Билибин с супругой жили в русском окружении не только в Ла Фавьере, но и в Париже. Их ателье на бульваре Пастера стало не слишком знаменитым, но все же вполне оживленным русским «салоном» Парижа. Здесь бывали русские художники, поэты, писатели, журналисты, эмигрантские общественные деятели. Одним из первых объявился у Билибина его бывший ученик из Рисовальной школы Общества поощрения художеств Иван Мозалевский. После школы Мозалевский посещал мастерскую В. Матэ, занимался книжной графикой, в 1913–1914 гг. участвовал в выставках «Мира искусства», помогал Билибину оформлять оперу «Руслан и Людмила» для театра Народного дома и часто встречался с бывшим учителем, работая в журналах «Аполлон» и «Лукоморье», делая книжные обложки для издательств. До встречи в Париже они с Билибиным не виделись чуть не десять лет. В 1917 г. Мозалевский уехал на Украину, а в 1918 г. развил бурную деятельность в Киеве при правительстве Рады. Он основал собственную художественную мастерскую, женился на своей ученице Валентине Розовой, стал учредителем профессионального совета киевских художников, возглавлял гравировально-художественный отдел Экспедиции заготовления государственных бумаг Рады, разработал проект петлюровских денег, потом основал Художественно-промышленную школу в прелестном городке Каменец-Подольске, где был избран главой губернского школьного правления. Но и в Каменец-Подольске Мозалевский застрял ненадолго. В 1920 г. он эмигрировал, уехал в Вену, оттуда в Берлин, где работал в местном отделении Госиздата РСФСР. Видимо, это и было поворотным пунктом в его биографии: может, тогда он и заработал свой советский паспорт. Из Берлина Мозалевский переехал в Прагу, где преподавал графику в Украинской студии пластических искусств, а в 1926 г. поселился в Париже, где принял советское гражданство, но возвращение на родину, как объяснял эмигрантам советский посол, им «еще надо было заслужить», особенно таким, как Мозалевский, который делал купюры для Рады, или как, скажем, Билибин, который что ни говори, работал у Деникина. Мозалевскому пришлось заслуживать долго (но, в конце концов, и он уехал в Киев, то есть, видимо, заслужил).

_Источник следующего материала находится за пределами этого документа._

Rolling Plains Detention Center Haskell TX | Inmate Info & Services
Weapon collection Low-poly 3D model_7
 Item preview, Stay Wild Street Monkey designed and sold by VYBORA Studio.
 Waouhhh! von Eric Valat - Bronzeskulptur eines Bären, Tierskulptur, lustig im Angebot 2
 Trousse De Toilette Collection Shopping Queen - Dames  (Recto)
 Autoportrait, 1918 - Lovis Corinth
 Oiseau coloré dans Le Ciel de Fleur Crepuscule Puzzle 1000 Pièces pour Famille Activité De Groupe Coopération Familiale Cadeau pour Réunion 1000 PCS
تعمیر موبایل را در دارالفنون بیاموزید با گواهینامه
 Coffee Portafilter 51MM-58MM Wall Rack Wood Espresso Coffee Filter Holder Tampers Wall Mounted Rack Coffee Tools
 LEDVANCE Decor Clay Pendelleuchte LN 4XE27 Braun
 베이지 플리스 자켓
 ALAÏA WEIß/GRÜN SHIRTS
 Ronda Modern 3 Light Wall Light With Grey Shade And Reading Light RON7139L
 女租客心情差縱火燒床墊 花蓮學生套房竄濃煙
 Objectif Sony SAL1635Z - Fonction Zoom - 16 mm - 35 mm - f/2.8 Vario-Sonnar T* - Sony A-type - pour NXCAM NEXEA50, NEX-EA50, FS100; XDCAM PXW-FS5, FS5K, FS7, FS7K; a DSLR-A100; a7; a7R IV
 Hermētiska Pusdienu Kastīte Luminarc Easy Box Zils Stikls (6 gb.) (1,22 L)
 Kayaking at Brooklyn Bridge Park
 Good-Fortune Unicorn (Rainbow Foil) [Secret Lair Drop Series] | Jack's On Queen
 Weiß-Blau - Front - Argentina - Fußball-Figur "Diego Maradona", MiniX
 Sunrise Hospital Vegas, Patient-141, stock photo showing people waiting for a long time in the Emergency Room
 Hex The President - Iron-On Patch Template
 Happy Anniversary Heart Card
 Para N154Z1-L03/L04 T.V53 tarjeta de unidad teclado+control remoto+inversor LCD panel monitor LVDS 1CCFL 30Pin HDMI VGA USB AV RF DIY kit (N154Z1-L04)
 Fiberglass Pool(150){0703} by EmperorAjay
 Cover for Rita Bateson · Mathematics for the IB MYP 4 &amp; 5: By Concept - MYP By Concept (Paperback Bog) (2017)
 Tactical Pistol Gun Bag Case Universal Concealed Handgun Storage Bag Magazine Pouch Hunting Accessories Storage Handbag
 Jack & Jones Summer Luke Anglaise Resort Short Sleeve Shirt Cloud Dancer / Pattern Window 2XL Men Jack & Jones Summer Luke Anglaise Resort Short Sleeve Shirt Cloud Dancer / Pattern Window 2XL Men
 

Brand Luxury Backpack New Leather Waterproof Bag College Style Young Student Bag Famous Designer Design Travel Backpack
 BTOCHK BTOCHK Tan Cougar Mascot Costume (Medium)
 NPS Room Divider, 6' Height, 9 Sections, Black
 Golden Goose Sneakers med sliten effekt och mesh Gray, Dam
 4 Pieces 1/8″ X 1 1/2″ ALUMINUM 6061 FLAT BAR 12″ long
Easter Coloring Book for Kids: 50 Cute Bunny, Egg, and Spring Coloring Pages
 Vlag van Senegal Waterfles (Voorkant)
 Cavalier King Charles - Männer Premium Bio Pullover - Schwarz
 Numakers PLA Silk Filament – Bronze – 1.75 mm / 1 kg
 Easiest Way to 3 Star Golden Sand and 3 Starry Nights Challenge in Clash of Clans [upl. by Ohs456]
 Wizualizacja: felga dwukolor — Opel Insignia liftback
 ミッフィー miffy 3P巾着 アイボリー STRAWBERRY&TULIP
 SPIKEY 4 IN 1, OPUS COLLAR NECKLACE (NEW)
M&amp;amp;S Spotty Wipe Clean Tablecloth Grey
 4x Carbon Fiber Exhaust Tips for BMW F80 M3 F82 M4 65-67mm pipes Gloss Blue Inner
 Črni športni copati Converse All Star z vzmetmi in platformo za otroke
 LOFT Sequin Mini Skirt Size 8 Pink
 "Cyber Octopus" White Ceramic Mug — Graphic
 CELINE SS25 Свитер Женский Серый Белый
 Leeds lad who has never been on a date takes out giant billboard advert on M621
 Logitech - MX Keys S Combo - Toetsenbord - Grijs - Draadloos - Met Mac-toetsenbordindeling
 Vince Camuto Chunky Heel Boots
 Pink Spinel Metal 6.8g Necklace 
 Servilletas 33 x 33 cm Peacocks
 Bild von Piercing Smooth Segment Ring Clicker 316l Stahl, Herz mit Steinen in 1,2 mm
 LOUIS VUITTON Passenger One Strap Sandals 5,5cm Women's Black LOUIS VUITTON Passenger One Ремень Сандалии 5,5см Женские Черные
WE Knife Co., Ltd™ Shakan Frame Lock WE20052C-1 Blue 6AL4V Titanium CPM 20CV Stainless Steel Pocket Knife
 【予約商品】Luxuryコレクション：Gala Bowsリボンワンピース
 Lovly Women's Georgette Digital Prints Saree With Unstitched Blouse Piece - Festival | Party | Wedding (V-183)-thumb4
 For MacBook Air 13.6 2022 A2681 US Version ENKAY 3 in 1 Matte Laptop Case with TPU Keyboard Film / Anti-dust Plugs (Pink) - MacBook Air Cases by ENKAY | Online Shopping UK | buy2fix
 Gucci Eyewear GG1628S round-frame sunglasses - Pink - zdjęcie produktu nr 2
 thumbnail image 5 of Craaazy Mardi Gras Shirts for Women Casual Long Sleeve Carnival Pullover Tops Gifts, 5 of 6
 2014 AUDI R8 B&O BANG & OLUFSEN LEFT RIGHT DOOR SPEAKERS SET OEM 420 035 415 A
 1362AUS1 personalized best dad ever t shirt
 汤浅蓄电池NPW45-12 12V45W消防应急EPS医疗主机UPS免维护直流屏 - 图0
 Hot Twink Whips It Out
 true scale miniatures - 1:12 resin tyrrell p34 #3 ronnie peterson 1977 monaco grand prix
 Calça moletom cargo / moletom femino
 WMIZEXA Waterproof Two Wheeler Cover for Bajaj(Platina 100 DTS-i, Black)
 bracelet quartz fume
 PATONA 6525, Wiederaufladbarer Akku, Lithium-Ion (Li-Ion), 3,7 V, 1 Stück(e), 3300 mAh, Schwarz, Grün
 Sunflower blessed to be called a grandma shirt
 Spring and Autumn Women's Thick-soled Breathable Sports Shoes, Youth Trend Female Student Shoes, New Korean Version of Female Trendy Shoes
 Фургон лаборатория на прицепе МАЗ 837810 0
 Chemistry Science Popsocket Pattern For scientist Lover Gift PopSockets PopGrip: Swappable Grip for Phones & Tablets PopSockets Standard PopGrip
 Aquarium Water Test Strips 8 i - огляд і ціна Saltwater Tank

В Париже Мозалевский входил в Союз украинских граждан, редактировал художественный отдел газеты «Украинские вести», где пропагандировал успехи советского искусства, но работал также и в журнале «Наш Союз», который выпускали агенты НКВД Сергей Эфрон и его дочь, а также в «Парижском вестнике». В общем, был он человек активный и обладал новым своим советским паспортом. Но лишь после войны, в 1947 г., когда таких, как он, с паспортами, стало в Париже больше десяти тыщ, переехал постаревший Мозалевский в Киев, а потом смог поселиться в Крыму, где он внес свой посильный вклад в советское графическое искусство, сотворив плакат «Да здравствует созданный волей народа великий, могучий Советский Союз!» а также праздничный плакат «1 мая — все за мир!» Там же, как сообщает его биограф, он, несмотря на частичную потерю зрения, сумел исполнить пером миниатюрный портрет полководца С. М. Буденного и вырезать гравюру «В. И. Ленин в редакции газеты «Правда». Что еще важнее, Мозалевский оставил воспоминания о парижском «салоне» Билибиных на бульваре Пастера. Судя по его описанию, салон был «возвращенческим» и «просоветским», каких в Париже и его пригородах было в ту пору уже несколько. В таких салонах будущие «возвращенцы» могли встречаться с советскими представителями, имевшими разрешение посещать сборища эмигрантов для выполнения своих служебных задач. Дело в том, что именно в 1925 г. с подачи помощницы тов. Дзержинского и бывшей жены Горького Е. П. Пешковой была начата широкая кампания поддержки большевистской власти и «возвращенчества» среди русских эмигрантов. Случайно или не случайно Билибин переехал в Париж и открыл свой «салон» тоже в 1925 г. Не исключено, что накануне переезда были ему даны какие-нибудь обещания, невыполнение которых вызвало у него разочарование в парижской жизни…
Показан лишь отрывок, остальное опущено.